今回は、FTPのデータ通信用に下記ポートを指定しています。
ポート番号範囲:2000-2010
数値を入力し終わったら、下記画像の通り、右ペインの適用をクリックします。

クリックすると、下記画面が表示されますが、そのままOK選択してください。

FTPサービスの再起動
パッシブポート範囲の設定を反映させるため、FTPサービスを再起動します。
サーバーマネージャーの「ツール」から「サービス」を開ます。

一覧から 「Microsoft FTP Service」を選択して再起動してください。

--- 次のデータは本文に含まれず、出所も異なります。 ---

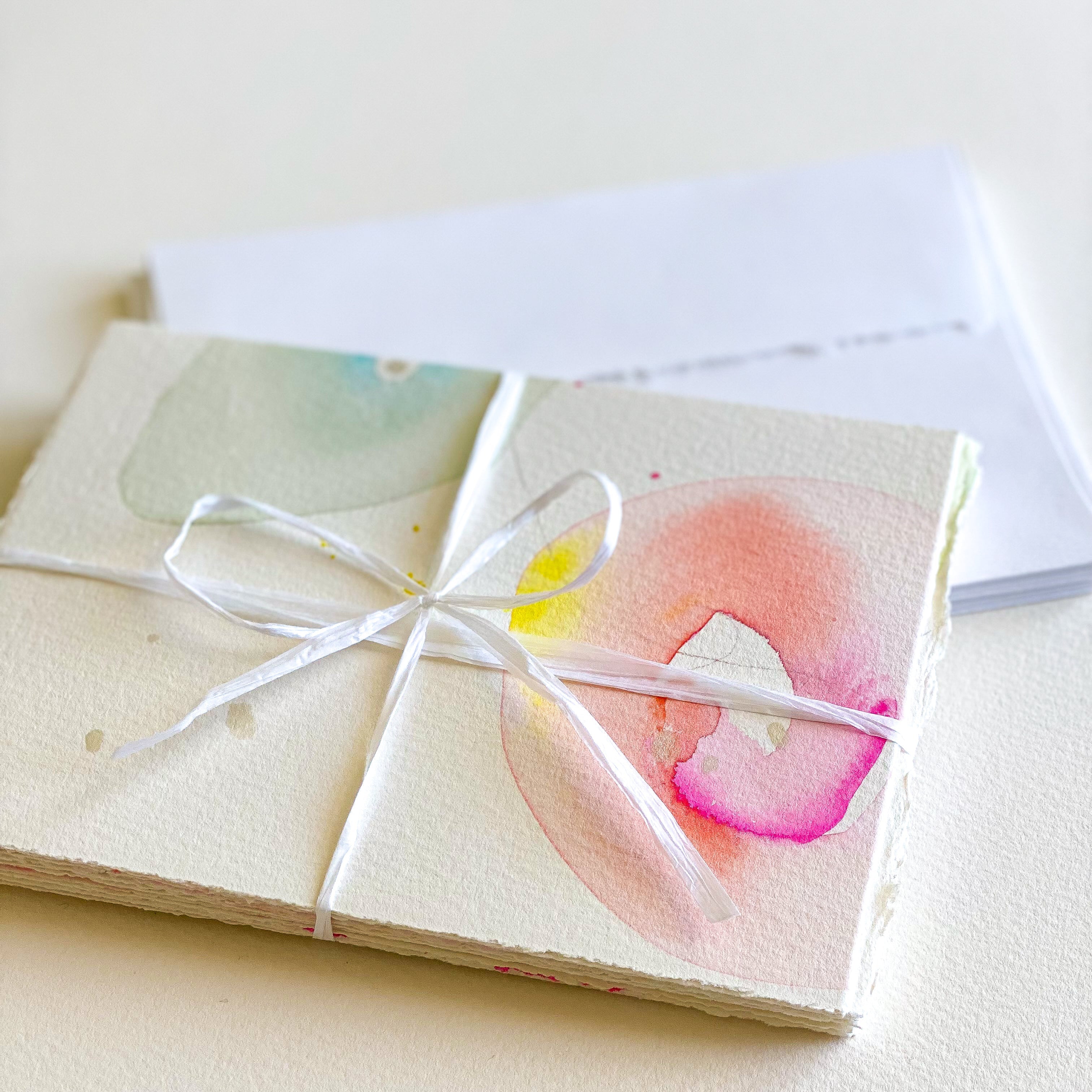 Set of watercolor cards tied with a white ribbon on a light background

これでFTPサーバー側のパッシブポート範囲の指定が完了です。

WindowsファイアウォールでFTP用の受信規則を有効化
IIS側でFTPサービスの設定ができたら、Windows Defender ファイアウォール(高度なセキュリティ)でFTP通信に必要な受信ポートを解放します。
Windows Server 2022 にはFTP用の受信規則があらかじめ定義されているため、新規に作成することなくFTPの通信は行えてしまいますが、今回は検証用なのでWindowsファイアーウォールの設定も行っていきましょう。
[サーバーマネージャー] から Windows Defender Firewall を起動
「ツール(T)」 > 「セキュリティが強化された Windows Defender ファイアウォール」を選択

現在アクティブになっているプロファイルを確認します。
本ブログでは、「プライベート」を有効にしています。

ちなみにWindowsのファイアウォールについて詳しく知りたい方は下記記事でもWindowsファイアーウォールについて解説しています。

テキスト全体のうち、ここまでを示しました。